The longer one programs, the easier it becomes to think like a programmer. You learn that the best way to solve a problem is to solve it once in such a way that the adjustments you need to make when the problem changes slightly are very small ones. It is better to use variables and even other functions in your code so that you can change a single value once rather than many times. This is the essence of the pragmatic programmer who writes with purpose. Programmers who come to R from other languages such as C++ or Python tend to think in loops. You are probably convinced by now that R’s vectorization allows us to avoid loops in many situations. As you saw in Chapter 4, looping is possible when it is needed. Efficient code allows us to automate as many tasks as we can so that we don’t repeat ourselves, and to avoid looping as much as possible.

Soon after I started using R, I quickly decided I needed to be more systematic in my learning, and I bought a couple of books on R. The R documentation itself is adequate, but was often confusing and difficult to read on a computer screen. What I soon found was that R functions are also objects in their own right. As a general rule, we can say that every function has three components. These are the body of the function (the code inside the function), the formals (or arguments) that control how the function is called, and the environment, which you might think of as the location indicator of the function’s variables.
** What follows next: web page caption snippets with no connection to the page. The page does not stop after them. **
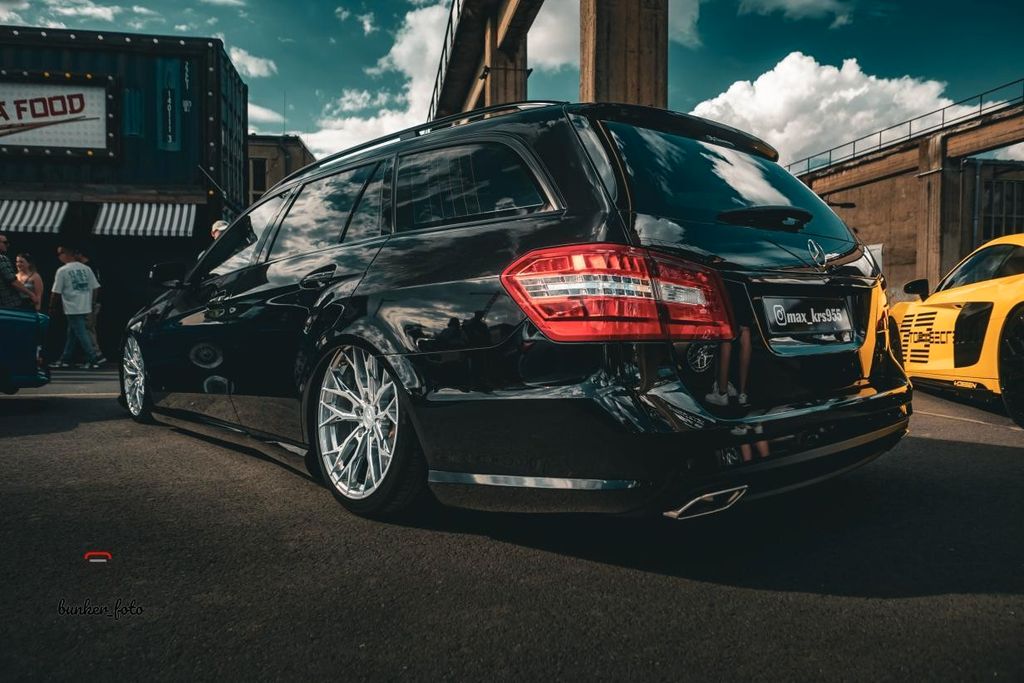 Bild des Angebotes Mercedes-Benz E 250 CDI T AMG Airride Einzelstück Avantgarde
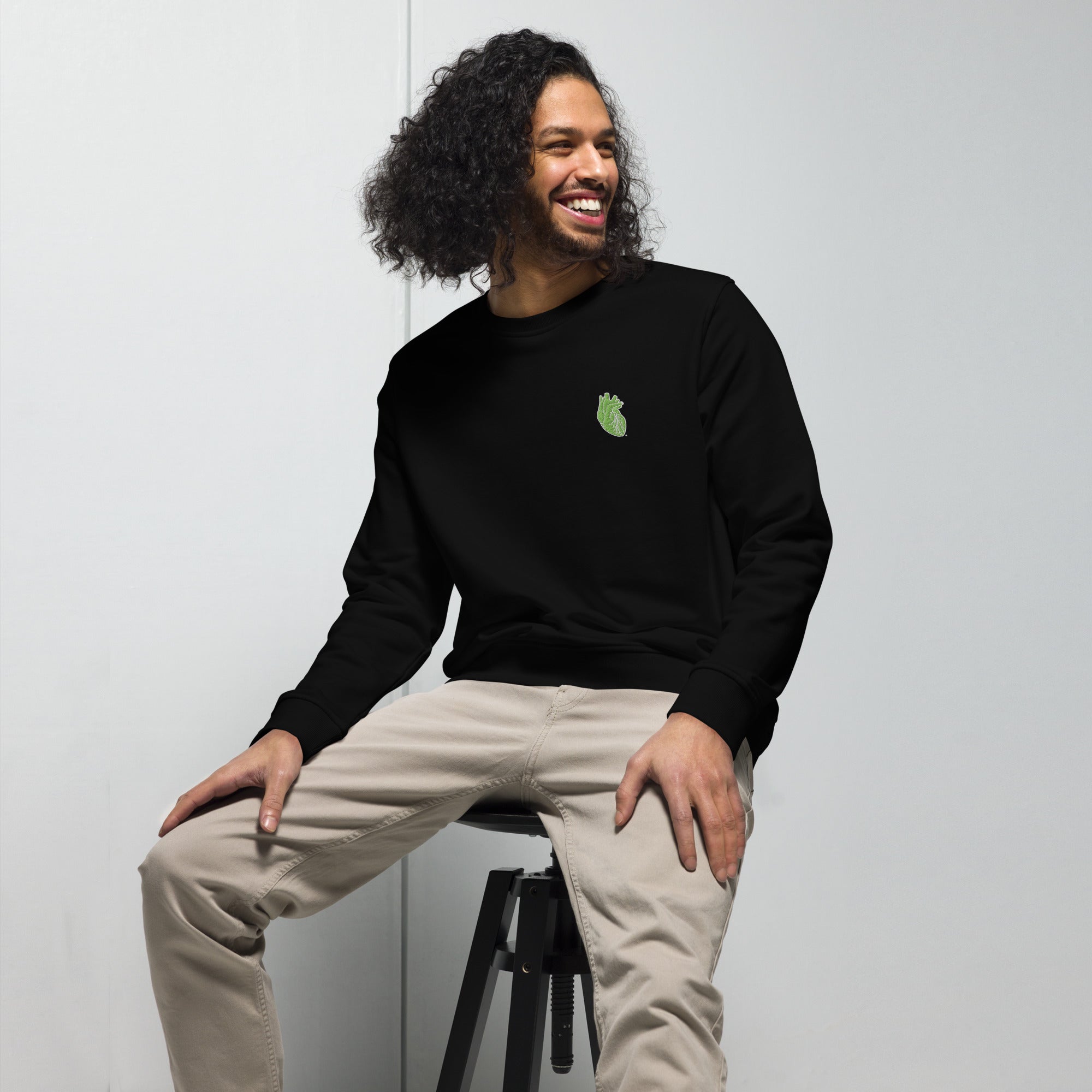 Iconic Heart Organic Sweatshirt - Green & White Embroidery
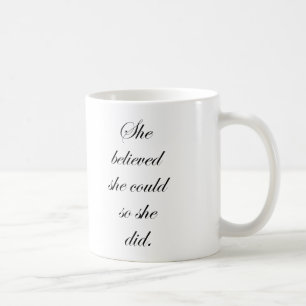 Hon trodde henne kunde, så hon rånade gåvan fö kaffemugg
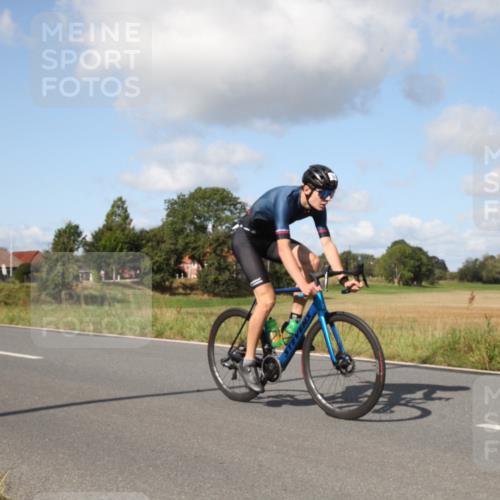 25.08.2024 - Elbe Triathlon Hamburg Fuchs,  Jonas http://msf.ph/oto/6822517 25.08.2024 10:33:39 Radfahren 594, 717, 563, 505, 679 meine-sportfotos.de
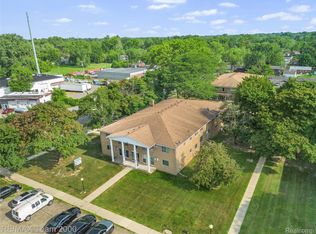 26305 W Seven Mile Rd, Redford, MI 48240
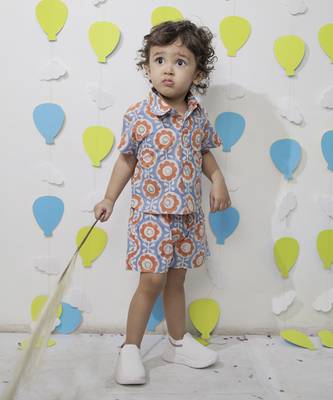 Multicolor cotton floral printed shirt and pant for boys 4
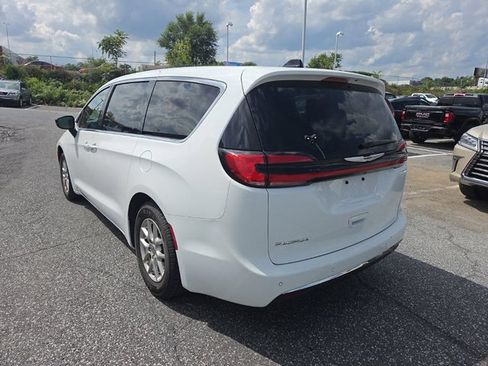 Used 2025 Chrysler Pacifica Select FWD image 5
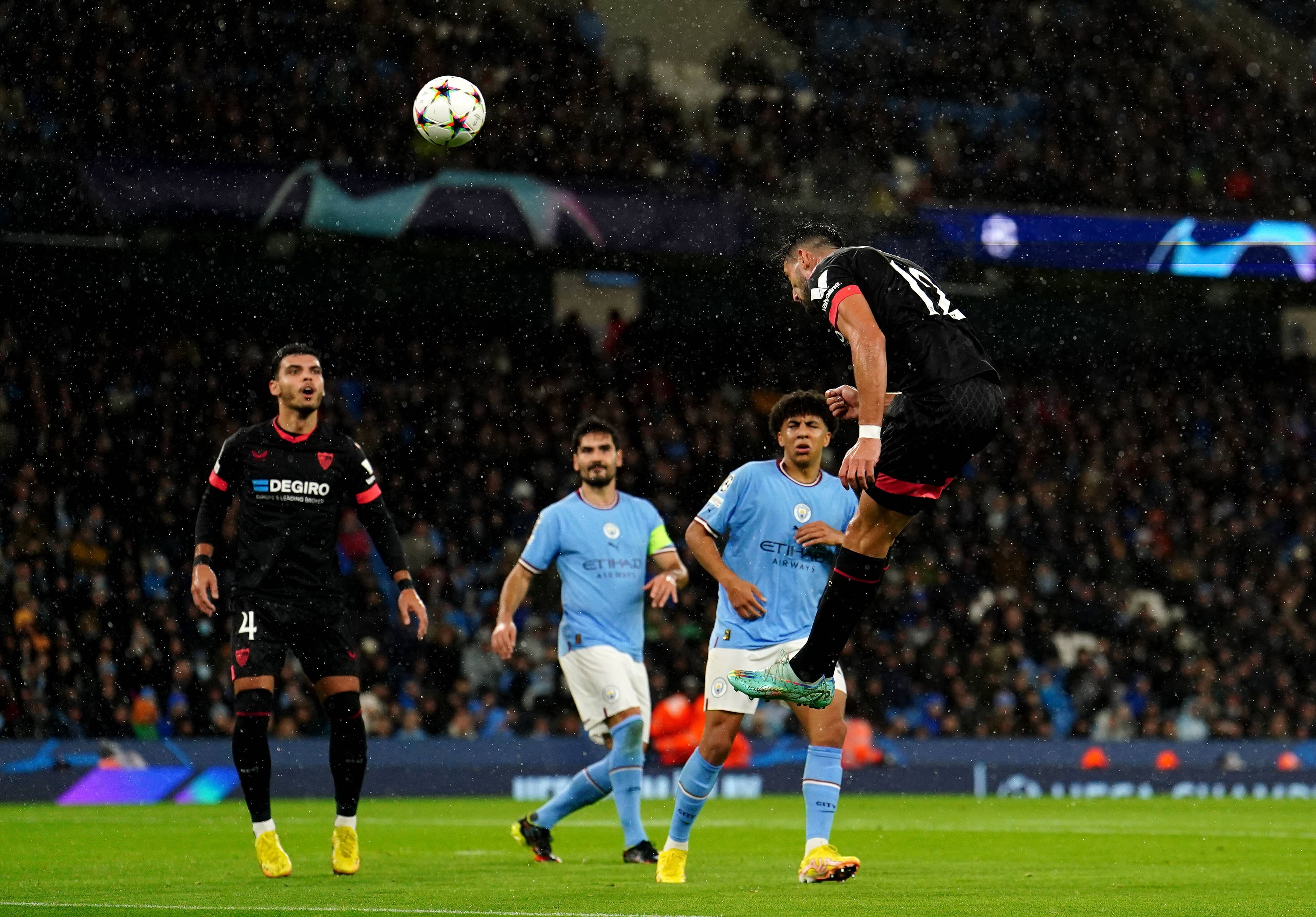 Rafa Mir mit einem Kopfball.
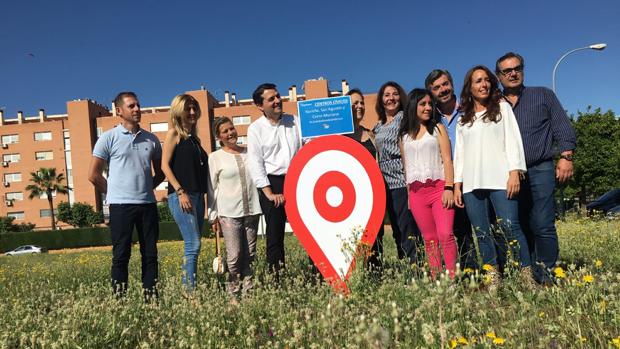 Bellido, junto con miembros de su candidatura, en el solar vacío de Arroyo del Moro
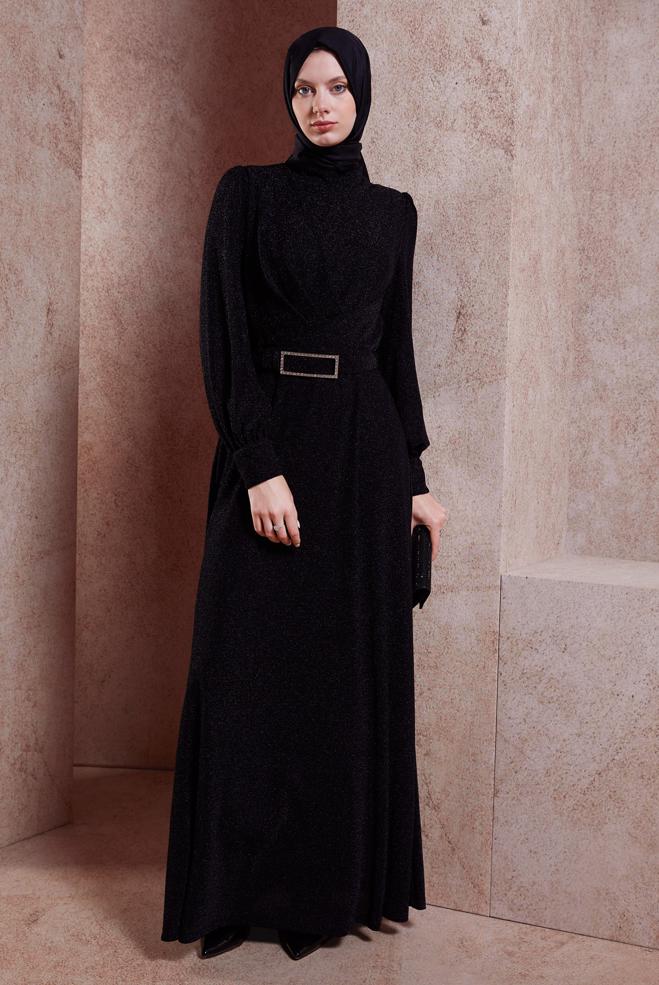 Tesettür giyim SİYAH KEMERLİ SİMLİ ABİYE ELBİSE 50424 - ALVİNA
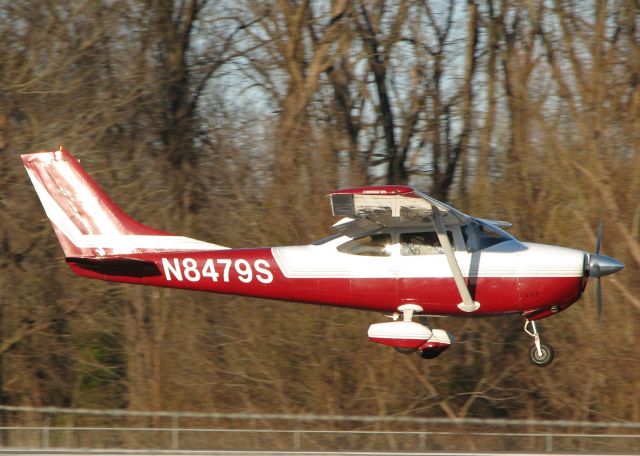 Cessna Skyhawk (N8479S) - About to touch down on 14 at the Downtown Shreveport airport.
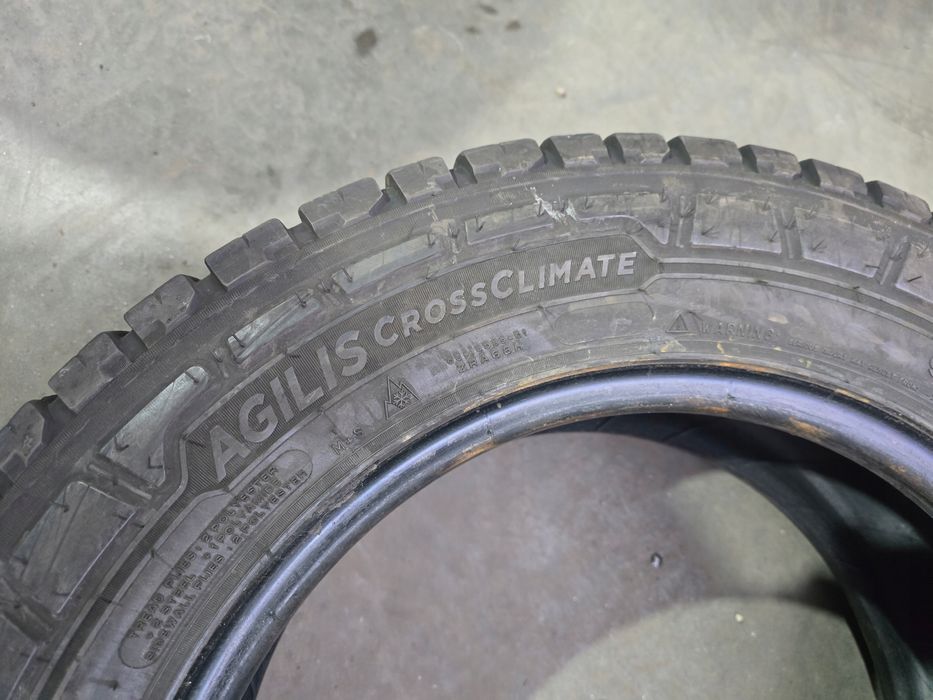 Michelin Agilis Crossclimate 215/65R16C 109/107T 6,5mm 4X 21R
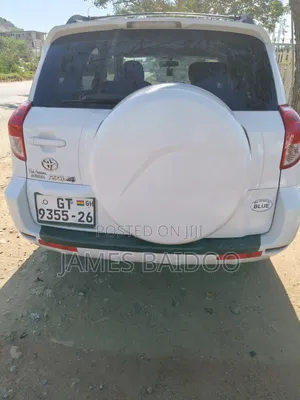 Toyota RAV4 Limited 2008 White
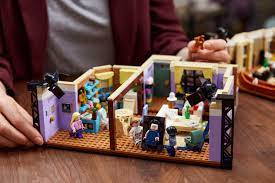A sorozatot az nbc tévéadó megrendelésére a warner bros. Jonnek A Jobaratok Lakasai Lego Szettben Az Online Ferfimagazin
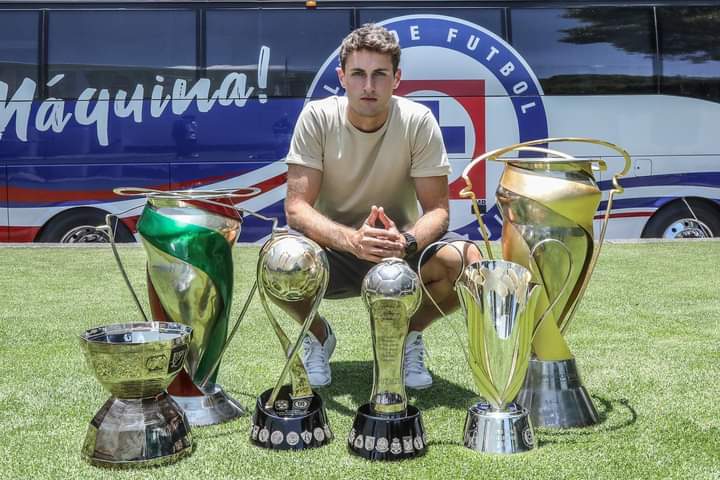 Santiago Giménez medalla campeón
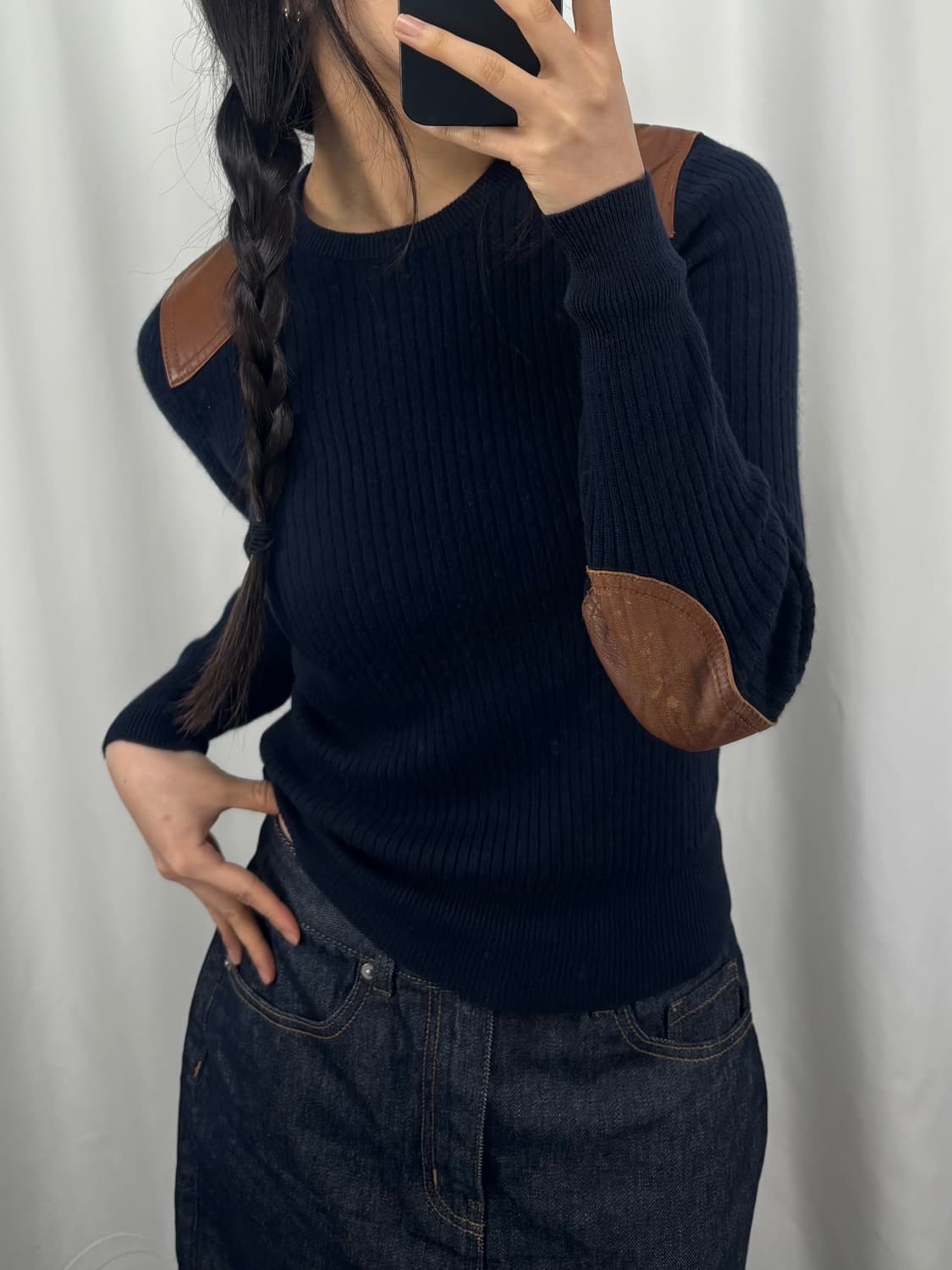 폴로 네이비 엘보우 숄더 패치 니트 상품이미지1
One of the nicest things about R is its transparency. You can literally view any function simply by typing its name without any arguments. Here is the mad() function from the base version of R. You see that its environment is the stats package that is part of the base R implementation. When no environment is printed, this means the function was created in the global environment, that is, the current R session:

> mad
function (x, center = median (x), constant = 1.4826 , na.rm = FALSE ,
low = FALSE , high = FALSE )
{
if (na.rm)
x <- x[!is.na(x)]
n <- length (x)
constant * if (( low || high ) && n%%2 == 0) {
if ( low && high )
stop ("'low ' and 'high ' cannot be both TRUE ")
n2 <- n%/%2 + as. integer ( high )
sort ( abs (x - center ), partial = n2)[n2]
}
else median ( abs (x - center ))
}
<bytecode : 0 x00000000077b8458 >
< environment : namespace :stats >

Functions usually have names, but we can also use anonymous, or unnamed functions. We might use an anonymous function when there’s no advantage to giving the function a name. For example, we could define a function to calculate the coefficient of variation, which is the ratio of the standard deviation to the mean. Say that we have no particular recurring use for this statistic but needed it for the displacement, gross horsepower, and rear axle ratio of the cars in our mtcars data. We could write an anonymous function as follows:

> sapply (mtcars [, 3:5], function (x) sd(x)/ mean (x))
     disp        hp      drat
0.5371779 0.4674077 0.1486638

Just as all R functions do, an anonymous function has formals, a body, and an environment:

> formals(function(x) sd(x)/mean(x))
$x
> body(function(x) sd(x)/mean(x))
sd(x)/mean (x)
> environment (function(x) sd(x)/mean(x))
< environment: R_GlobalEnv>

5.1 Scoping Rules

In R, scoping describes how R “looks up” the value of a symbol. If an “unknown” name is not defined in a function, R will look one level up, and keep doing so all the way up to the global environment. The same is true of functions. R will keep looking up from the current level until it gets to the global environment, and then begin looking in any packages loaded in the current workspace until it reaches the empty environment. Once the empty environment is reached, if R cannot find the value for a given symbol, an error is produced. This kind of scoping is one of the ways in which R is different from the original S language. R uses what is known as static or lexical scoping. A free variable is not a formal argument or a local variable, that is, assigned within the function body. Lexical scoping means that the values of a free variable are searched for within the environment in which the function was defined and then in the parent environment.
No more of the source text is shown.